My dear blog friends,
This past Friday a friend of ours lost her husband unexpectantly. After a week long camping trip with the family over the memorial holiday, her husband developed flu-like symptoms. After several days of that his blood pressure dropped and she talked him into going into the ER. Within a matter of days his kidney's shut down and with the development of pneumonia he ended up on the ventilator in the ICU in septic shock. He responded enough to dialysis to give the family a false hope for recovery but then to lose it when he left this world Friday morning at 0920, six days after becoming ill.
He was only 44 years old. He leaves a wife and four young children under the age of 10. He was a successful man and very active in our community. He had such a vibrant personality and a servants heart. He had planned to watch his children grow up and one day walk his daughter down the isle. He was taken so quickly.

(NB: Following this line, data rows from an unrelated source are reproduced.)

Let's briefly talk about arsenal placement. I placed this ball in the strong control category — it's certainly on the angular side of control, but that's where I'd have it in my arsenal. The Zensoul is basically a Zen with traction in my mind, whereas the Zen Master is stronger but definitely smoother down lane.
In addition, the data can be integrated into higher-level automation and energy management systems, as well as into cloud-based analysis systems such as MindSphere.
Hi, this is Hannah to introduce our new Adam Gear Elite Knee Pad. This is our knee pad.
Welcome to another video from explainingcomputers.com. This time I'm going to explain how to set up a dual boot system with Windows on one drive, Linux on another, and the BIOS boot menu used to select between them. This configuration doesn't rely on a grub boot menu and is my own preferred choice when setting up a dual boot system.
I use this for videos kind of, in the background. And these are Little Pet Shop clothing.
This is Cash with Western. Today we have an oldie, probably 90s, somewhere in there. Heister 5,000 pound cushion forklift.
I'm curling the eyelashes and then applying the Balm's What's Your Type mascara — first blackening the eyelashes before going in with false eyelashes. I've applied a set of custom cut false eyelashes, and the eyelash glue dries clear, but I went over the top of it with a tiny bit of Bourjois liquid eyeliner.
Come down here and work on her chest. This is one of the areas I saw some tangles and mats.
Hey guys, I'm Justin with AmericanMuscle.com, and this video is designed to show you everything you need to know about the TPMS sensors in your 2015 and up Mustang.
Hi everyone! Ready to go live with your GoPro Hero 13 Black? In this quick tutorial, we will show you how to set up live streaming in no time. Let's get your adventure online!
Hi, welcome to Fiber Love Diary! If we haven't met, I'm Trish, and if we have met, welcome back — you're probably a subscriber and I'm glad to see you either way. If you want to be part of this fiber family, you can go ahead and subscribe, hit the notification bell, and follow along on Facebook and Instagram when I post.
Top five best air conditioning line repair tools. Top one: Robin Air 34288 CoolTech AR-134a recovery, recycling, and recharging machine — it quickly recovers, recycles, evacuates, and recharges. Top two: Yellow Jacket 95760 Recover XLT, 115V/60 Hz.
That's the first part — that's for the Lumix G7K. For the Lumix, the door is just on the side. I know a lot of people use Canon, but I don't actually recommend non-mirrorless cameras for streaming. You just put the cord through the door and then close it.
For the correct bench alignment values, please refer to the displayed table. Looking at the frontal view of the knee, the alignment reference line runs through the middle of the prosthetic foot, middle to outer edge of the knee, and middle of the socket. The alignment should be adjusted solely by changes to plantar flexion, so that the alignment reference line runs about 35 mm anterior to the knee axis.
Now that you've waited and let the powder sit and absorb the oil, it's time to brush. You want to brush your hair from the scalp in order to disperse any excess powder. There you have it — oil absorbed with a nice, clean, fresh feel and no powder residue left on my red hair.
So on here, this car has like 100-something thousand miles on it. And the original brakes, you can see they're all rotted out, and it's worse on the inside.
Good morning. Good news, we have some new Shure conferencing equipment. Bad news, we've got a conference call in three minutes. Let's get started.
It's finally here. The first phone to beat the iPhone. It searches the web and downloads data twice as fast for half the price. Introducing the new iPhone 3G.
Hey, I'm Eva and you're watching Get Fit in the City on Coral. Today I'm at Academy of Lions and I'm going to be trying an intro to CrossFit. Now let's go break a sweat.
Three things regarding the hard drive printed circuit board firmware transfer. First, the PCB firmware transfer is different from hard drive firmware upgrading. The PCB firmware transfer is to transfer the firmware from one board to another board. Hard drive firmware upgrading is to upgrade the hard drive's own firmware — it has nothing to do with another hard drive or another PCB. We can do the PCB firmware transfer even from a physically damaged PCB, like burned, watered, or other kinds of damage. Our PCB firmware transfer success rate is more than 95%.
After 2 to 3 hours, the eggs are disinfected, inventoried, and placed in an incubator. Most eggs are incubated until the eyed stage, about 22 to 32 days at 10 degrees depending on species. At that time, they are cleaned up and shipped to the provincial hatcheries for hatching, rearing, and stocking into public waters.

They think he may have lost his life to Legionaries disease. All other infective diseases have tested negative. I went to his visitation tonight to see the swollen shell of a grayish brown body this disease left behind. The illness was so incredibly rough on him in those final days. Though as a nurse it medically all makes sense to me, as a wife and mother none of it makes sense to me except...
He knew Jesus. His family knows Jesus. And though he is now resting securely in His Saviors arms, his family is hurting. There is so much pain.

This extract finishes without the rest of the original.